The pathogenesis of acute kidney injury following djenkol ingestion is not well understood. It is proposed to result from a combination of host factors, as well as characteristics of the specific beans ingested.7 Hypersensitivity to a component of the bean has also been suggested to play an etiologic role in djenkolism, given the variability in the dose required for the development of nephrotoxicity.3 While experiments in animals have been inconclusive, experiments in rats and mice resulted in clinicopathological findings compatible with acute tubular necrosis (ATN).

Obstruction of the renal tubules by crystals of djenkol acid has been suggested as a mechanism of ATN. Validation of this theory has been confounded by histological challenges: 1) acid crystals are not visible in all animal models (histologic preparation may dissolve the crystals);17 and 2) renal biopsies are rarely performed on patients with acute djenkolism (one case report of human renal biopsy demonstrated findings of ATN).11

In animal experiments, djenkolic acid crystals were detected in only a few animals, leading some to suggest that renal toxicity could be due to a direct toxic effect of the amino acid or a metabolite.11 In conclusion, proposed major mechanisms of renal injury by the djenkol bean include hypersensitivity to or a direct toxic effect of a djenkol bean metabolite, resulting in acute kidney injury and/or urinary tract obstruction by djenkolic acid crystals, sludge, and/or possible ureteral spasms. In extreme cases, this can cause postobstructive failure. It is reasonable to also consider that the severe nausea and vomiting could contribute to dehydration, adding a prerenal element to the kidney injury.

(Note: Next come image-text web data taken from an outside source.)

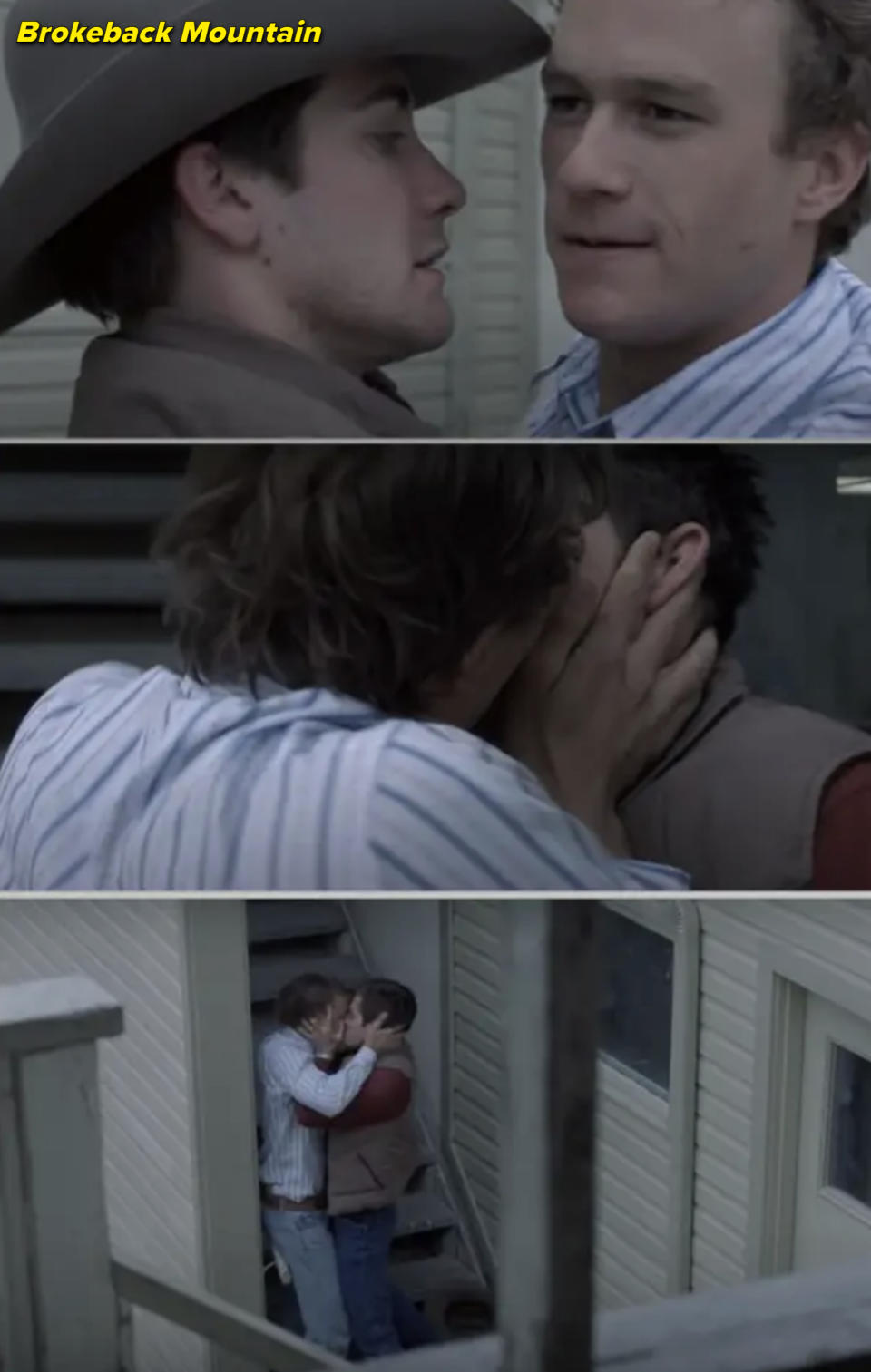 Three scenes from Brokeback Mountain show intimate moments between Heath Ledger and Jake Gyllenhaal's characters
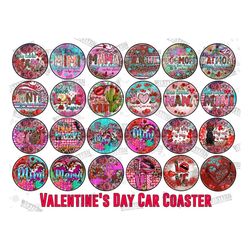 valentine's day car coaster png, car coaster designs, valentines day car coasters png, valentine car coasters sublimatio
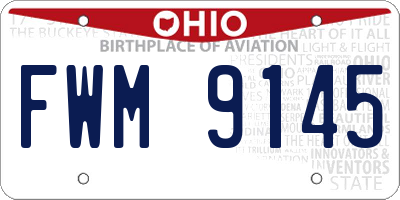 OH license plate FWM9145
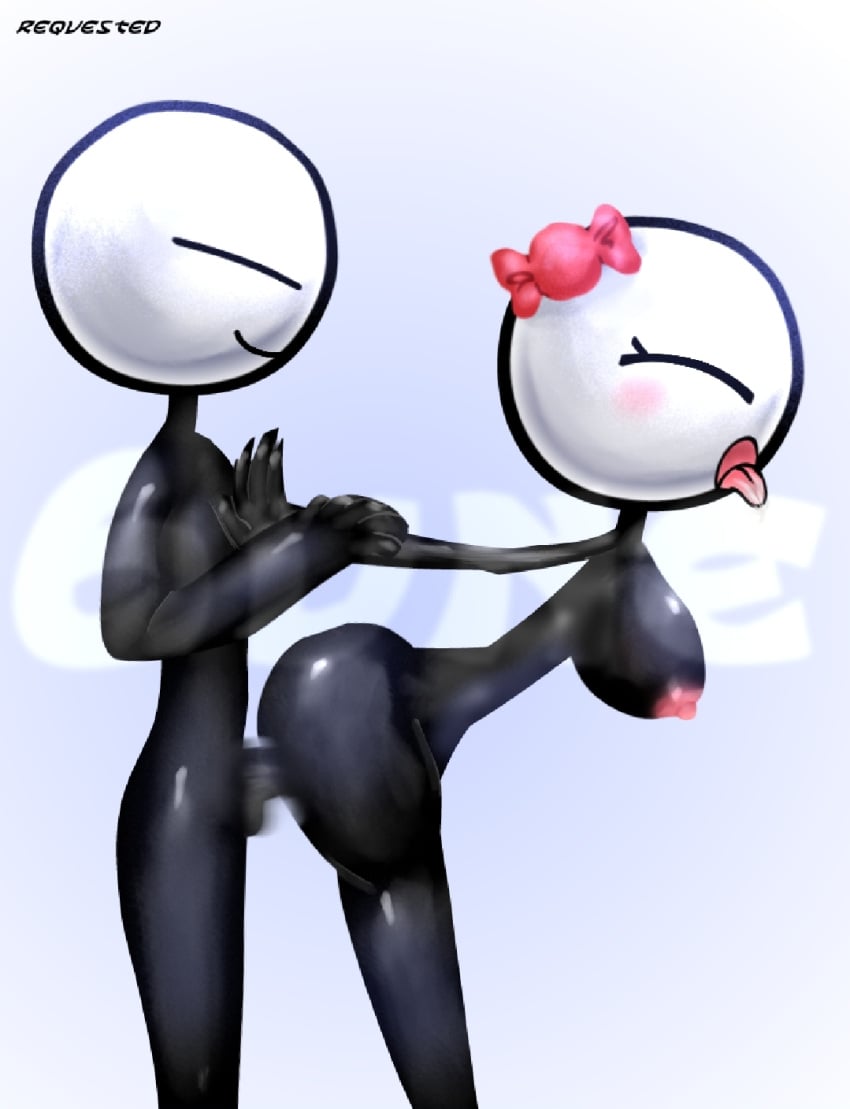 1boy 1girls 6une ahe_gao bowtie breasts fucked_from_behind request stick_figure stickman zolagirl_(zolaman) zolaman_(character) zolaman_(franchise) 졸라맨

There is a paucity of data on the long-term effects of hematuria secondary to chronic djenkol bean consumption. However, one study of children – those with microscopic asymptomatic hematuria – demonstrated that these children had four times the increased odds of djenkol bean exposure.18

The patient seen in our clinic presented with classical findings associated with djenkol bean toxicity. Although we were unable to measure renal function due to lack of diagnostic tests in our rural Indonesian clinic, diagnosis of acute kidney injury in this patient was based on persistent oligouria/anuria following an ingestion of the bean. This scenario is not unusual in the remote areas where djenkol bean ingestion is common, and the diagnosis is made based on clinical presentation and limited laboratory data.

It is reported that the majority of cases resolve within 3 days with supportive care.3 Mild djenkolism requires no specific treatment except pain control and hydration.11 Severe djenkolism manifested by anuria and presumed acute kidney injury usually is managed with analgesia, aggressive hydration, and alkalinization of the urine with sodium bicarbonate to increase the solubility of djenkolic acid. Due to the lack of availability of sodium bicarbonate in our clinic, we used carbonated beverages to alkalinize the urine.11,12 Some cases of severe djenkolism with anuria do not respond to conservative therapy and require surgical intervention. There are case reports of the irrigation of the urethra, placement of urinary catheters, as well as stents to bypass or to resolve urinary obstruction caused by djenkolic acid, sludge, and calculi.13,17

Prevention of djenkolism is problematic. Incidence is low. The syndrome is sporadic, and it does not seem to be dependent on the quantity or mode of preparation of the beans. Individuals eating from the same dish do not all become symptomatic. Furthermore, an individual’s susceptibility to djenkolism and acute kidney injury from the bean is not fixed from one exposure to the next.3,8 It has been proposed that boiling the bean in dilute alkali would remove the acid.12 However, the acceptance of this practice is unknown.


There is increasing awareness of the importance of and myriad of causes of acute kidney injury in the tropics. It is well established that djenkolism is an important cause of acute kidney injury in Southeast Asia.2,4,7,19 Awareness of this disease entity and an understanding of the clinical presentation, proposed pathophysiologic mechanisms, and recommended treatments of djenkolism are important to guide practitioners in resource-poor areas in Southeast Asia.


The authors report no conflicts of interest in this work.